[Provided data — start]
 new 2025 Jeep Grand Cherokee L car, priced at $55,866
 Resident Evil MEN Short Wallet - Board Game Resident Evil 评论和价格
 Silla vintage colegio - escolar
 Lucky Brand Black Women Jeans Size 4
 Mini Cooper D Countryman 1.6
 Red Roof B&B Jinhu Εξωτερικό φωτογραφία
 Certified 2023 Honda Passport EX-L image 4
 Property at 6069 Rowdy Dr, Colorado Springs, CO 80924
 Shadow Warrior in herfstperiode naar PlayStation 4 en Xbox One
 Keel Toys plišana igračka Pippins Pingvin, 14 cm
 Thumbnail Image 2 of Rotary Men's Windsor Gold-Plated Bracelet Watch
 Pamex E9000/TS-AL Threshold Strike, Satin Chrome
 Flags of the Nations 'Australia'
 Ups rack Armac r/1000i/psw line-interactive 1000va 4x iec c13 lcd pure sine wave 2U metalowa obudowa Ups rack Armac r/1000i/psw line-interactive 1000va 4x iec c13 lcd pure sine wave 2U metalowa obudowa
[Provided data — finish]
Try it: Lines are to be repeated exactly from the one that contains "Pamex E9000/TS-AL Threshold" through the last line of the listing, with both ends kept and no others added.

Exercise output:
 Pamex E9000/TS-AL Threshold Strike, Satin Chrome
 Flags of the Nations 'Australia'
 Ups rack Armac r/1000i/psw line-interactive 1000va 4x iec c13 lcd pure sine wave 2U metalowa obudowa Ups rack Armac r/1000i/psw line-interactive 1000va 4x iec c13 lcd pure sine wave 2U metalowa obudowa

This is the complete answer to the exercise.